It however appears to us that previously between the
parties another suit was instituted in the Court of the
learned Subordinate Judge Srikakulam being original suit
No.50 of 1954. In the said suit, the validity of the deed of
gifts made by Sowaramma was questioned. It was held by the
learned Subordinate Judge that the said deed of gifts were
not valid under the Hindu Law. The appeal was taken to the
Andhra Pradesh High Court being appeal No.514 of 1968 and by
judgment dated 12.2.1971, the High Court disposed of the
said appeal No.514 of 1968 wherein the High Court disposed
of the said appeal No.514 of 1968 wherein the High Court
held that such dead of gift was invalid in law. By the
impugned judgment, the Division Bench of the Andhra Pradesh
High Court has held that in view of such declaration of the
said deed of gifts as invalid, no claim of title on the
basis of the said deed of gift or family settlement can be
made. In our view, such decision of the division Bench is
Justified since the said earlier decision in declaring the
deeds of gift as invalid, is binding between the parties.

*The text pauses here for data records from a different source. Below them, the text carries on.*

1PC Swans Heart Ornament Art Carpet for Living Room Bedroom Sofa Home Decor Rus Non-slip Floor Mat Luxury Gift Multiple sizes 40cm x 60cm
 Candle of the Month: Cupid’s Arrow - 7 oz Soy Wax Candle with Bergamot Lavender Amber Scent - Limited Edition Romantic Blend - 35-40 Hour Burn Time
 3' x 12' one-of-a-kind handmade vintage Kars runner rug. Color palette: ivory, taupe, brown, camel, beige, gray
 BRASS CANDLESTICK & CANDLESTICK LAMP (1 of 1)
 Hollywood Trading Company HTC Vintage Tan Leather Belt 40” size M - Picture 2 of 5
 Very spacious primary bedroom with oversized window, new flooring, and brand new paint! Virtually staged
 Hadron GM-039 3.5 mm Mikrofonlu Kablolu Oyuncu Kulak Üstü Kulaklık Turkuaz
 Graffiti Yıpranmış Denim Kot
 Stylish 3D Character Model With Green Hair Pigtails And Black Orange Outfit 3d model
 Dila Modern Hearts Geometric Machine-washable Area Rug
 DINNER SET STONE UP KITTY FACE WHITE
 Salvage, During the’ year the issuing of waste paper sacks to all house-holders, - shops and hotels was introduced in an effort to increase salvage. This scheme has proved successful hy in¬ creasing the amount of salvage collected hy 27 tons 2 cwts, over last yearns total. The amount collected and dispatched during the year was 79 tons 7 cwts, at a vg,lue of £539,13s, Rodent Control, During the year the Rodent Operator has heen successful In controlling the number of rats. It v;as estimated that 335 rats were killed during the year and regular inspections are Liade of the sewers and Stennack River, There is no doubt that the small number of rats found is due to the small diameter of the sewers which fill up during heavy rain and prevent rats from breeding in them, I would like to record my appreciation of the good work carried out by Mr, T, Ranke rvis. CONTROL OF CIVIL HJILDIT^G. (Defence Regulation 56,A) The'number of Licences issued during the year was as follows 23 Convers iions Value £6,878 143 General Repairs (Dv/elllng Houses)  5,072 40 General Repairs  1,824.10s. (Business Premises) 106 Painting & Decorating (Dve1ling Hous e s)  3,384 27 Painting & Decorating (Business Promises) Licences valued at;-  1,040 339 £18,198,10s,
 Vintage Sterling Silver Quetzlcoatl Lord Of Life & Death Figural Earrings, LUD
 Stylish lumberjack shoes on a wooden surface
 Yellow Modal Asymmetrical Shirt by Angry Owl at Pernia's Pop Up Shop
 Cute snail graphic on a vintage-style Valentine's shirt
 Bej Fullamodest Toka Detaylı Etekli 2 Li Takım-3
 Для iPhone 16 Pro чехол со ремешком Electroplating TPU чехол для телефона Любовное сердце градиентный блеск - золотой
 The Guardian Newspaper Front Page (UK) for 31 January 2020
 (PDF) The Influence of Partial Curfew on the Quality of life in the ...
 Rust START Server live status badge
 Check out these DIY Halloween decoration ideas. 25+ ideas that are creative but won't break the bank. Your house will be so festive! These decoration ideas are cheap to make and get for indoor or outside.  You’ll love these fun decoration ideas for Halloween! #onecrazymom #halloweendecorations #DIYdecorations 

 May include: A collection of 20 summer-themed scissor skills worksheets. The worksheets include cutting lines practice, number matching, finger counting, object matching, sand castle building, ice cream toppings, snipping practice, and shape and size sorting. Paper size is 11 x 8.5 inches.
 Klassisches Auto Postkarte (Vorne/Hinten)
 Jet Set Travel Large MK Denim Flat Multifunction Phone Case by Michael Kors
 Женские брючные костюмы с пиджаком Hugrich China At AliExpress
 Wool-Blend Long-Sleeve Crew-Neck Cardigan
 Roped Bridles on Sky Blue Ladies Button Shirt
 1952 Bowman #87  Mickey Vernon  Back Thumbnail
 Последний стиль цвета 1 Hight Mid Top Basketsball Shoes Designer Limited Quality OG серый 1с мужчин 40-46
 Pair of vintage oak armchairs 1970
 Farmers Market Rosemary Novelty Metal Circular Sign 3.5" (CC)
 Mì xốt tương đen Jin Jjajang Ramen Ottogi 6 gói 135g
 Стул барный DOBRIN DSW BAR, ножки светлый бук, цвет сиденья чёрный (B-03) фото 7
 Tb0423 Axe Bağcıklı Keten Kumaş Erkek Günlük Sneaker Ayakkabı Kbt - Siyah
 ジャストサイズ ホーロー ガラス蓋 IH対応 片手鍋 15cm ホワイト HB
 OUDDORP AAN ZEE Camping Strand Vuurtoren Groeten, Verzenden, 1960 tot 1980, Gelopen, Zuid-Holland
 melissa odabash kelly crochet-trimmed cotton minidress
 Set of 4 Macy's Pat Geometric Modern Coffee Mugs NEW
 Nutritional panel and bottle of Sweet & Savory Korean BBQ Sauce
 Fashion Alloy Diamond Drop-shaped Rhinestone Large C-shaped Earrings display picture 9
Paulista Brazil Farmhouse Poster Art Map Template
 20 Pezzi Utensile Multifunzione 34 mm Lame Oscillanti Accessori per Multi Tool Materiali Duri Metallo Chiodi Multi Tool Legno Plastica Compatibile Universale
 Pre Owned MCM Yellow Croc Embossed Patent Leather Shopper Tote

There is no occasion to consider the principle of estoppel
since considered by the learned Single Judge in the facts
and circumstances of the case for holding the said transfers
as valid, in view of the earlier adjudication on the
validity of the said deeds in the previous suit between the
parties. The law is well settled that even if erroneous, an
inter party judgment binds the party if the court of
competent jurisdiction has decided the lis. We, therefore,
find no reason to interfere with the impugned decision of
the High Court. This appeal therefore fails and is dismissed
without any order as to costs.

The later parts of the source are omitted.